The body is better than it looks. I would call it about medium for a stout, if not slightly fuller at first. It feels a bit lush and there’s a touch of chewiness. Still, as I get closer to the bottom of the glass, I realize that there’s nothing enduring, either, and the body ends up a disappointment.
I’m trying not to complain too much about Saint Arnold Winter Stout, because it’s decent for sure. It’s also quite drinkable — maybe too much so for a stout, let alone a winter one. At times it promises to be quite good, while at others it seems like a lightweight stout (or even porter).
B- (The nerds at Beer Advocate give it a B)
12-ounce can, purchased in a 4-pack at Spec’s Downtown, poured into a pint glass
The beer pours a dark but relatively translucent brown, with plenty of medium-brown highlights. It’s extremely carbonated out of the can, immediately filling more than half the pint glass with a thick, spongy, light-tan head. It’s somewhat sticky at first, and on the way down it leaves decent lacing, thick and slightly runny.

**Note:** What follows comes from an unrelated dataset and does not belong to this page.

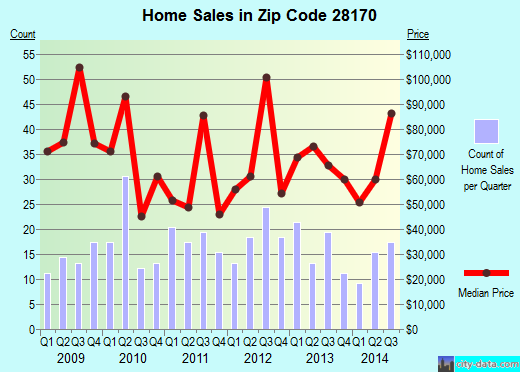 Zip code 28170 (Wadesboro, North Carolina) real estate house value trends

Even through the humongous head there’s plenty of nose — sweet roasted coffee and some bitter powdered chocolate. It’s interesting and really makes me want to try it. So let’s go.
I taste bitter coffee and a slight touch of hops, then some bitter dark chocolate. I think there’s some vanilla, too, and a subtle but tangy touch of alcohol. Despite that bit of evidence in the flavor profile, the 8.5% abv is well-hidden.
The mouthfeel is good and somewhat different — it’s creamy but at the same time not thick, with soft and smooth carbonation.
Southern Star Buried Hatchet Stout is interesting and tasty. It’s not elite, but it’s certainly good. Every sip is slightly different, and it makes me keep coming back for more. I’ll drink this again, without a doubt.